-- Opening Marker --
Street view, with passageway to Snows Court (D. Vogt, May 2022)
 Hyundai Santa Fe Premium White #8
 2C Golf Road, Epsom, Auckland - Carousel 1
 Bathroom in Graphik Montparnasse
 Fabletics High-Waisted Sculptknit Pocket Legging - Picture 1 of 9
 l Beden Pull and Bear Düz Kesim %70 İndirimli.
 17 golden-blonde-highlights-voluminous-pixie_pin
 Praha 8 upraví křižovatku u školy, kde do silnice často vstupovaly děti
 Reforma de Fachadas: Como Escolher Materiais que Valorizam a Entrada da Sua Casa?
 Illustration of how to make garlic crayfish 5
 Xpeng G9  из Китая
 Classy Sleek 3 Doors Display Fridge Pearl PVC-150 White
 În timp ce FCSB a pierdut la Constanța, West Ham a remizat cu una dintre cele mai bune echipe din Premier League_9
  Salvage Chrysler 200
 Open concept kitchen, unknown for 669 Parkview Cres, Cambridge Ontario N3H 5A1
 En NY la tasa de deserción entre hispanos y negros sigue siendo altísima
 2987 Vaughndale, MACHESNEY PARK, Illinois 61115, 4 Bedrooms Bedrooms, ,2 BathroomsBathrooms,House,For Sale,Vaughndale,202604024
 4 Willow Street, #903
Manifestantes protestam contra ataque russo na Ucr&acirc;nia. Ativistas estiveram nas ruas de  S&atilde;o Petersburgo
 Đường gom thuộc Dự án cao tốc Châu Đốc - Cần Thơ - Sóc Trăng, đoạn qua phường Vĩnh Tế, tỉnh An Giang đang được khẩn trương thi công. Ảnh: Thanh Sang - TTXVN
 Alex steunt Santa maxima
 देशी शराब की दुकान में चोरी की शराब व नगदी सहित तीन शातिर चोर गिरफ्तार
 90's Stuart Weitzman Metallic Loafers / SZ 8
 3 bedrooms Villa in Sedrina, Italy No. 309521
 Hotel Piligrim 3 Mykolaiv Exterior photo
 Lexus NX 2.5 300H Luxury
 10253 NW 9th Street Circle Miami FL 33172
-- Closing Marker --
→ PROBLEM STATEMENT
Copy down the complete data exactly as supplied.

→ FINISHED TASK
Street view, with passageway to Snows Court (D. Vogt, May 2022)
 Hyundai Santa Fe Premium White #8
 2C Golf Road, Epsom, Auckland - Carousel 1
 Bathroom in Graphik Montparnasse
 Fabletics High-Waisted Sculptknit Pocket Legging - Picture 1 of 9
 l Beden Pull and Bear Düz Kesim %70 İndirimli.
 17 golden-blonde-highlights-voluminous-pixie_pin
 Praha 8 upraví křižovatku u školy, kde do silnice často vstupovaly děti
 Reforma de Fachadas: Como Escolher Materiais que Valorizam a Entrada da Sua Casa?
 Illustration of how to make garlic crayfish 5
 Xpeng G9  из Китая
 Classy Sleek 3 Doors Display Fridge Pearl PVC-150 White
 În timp ce FCSB a pierdut la Constanța, West Ham a remizat cu una dintre cele mai bune echipe din Premier League_9
  Salvage Chrysler 200
 Open concept kitchen, unknown for 669 Parkview Cres, Cambridge Ontario N3H 5A1
 En NY la tasa de deserción entre hispanos y negros sigue siendo altísima
 2987 Vaughndale, MACHESNEY PARK, Illinois 61115, 4 Bedrooms Bedrooms, ,2 BathroomsBathrooms,House,For Sale,Vaughndale,202604024
 4 Willow Street, #903
Manifestantes protestam contra ataque russo na Ucr&acirc;nia. Ativistas estiveram nas ruas de  S&atilde;o Petersburgo
 Đường gom thuộc Dự án cao tốc Châu Đốc - Cần Thơ - Sóc Trăng, đoạn qua phường Vĩnh Tế, tỉnh An Giang đang được khẩn trương thi công. Ảnh: Thanh Sang - TTXVN
 Alex steunt Santa maxima
 देशी शराब की दुकान में चोरी की शराब व नगदी सहित तीन शातिर चोर गिरफ्तार
 90's Stuart Weitzman Metallic Loafers / SZ 8
 3 bedrooms Villa in Sedrina, Italy No. 309521
 Hotel Piligrim 3 Mykolaiv Exterior photo
 Lexus NX 2.5 300H Luxury
 10253 NW 9th Street Circle Miami FL 33172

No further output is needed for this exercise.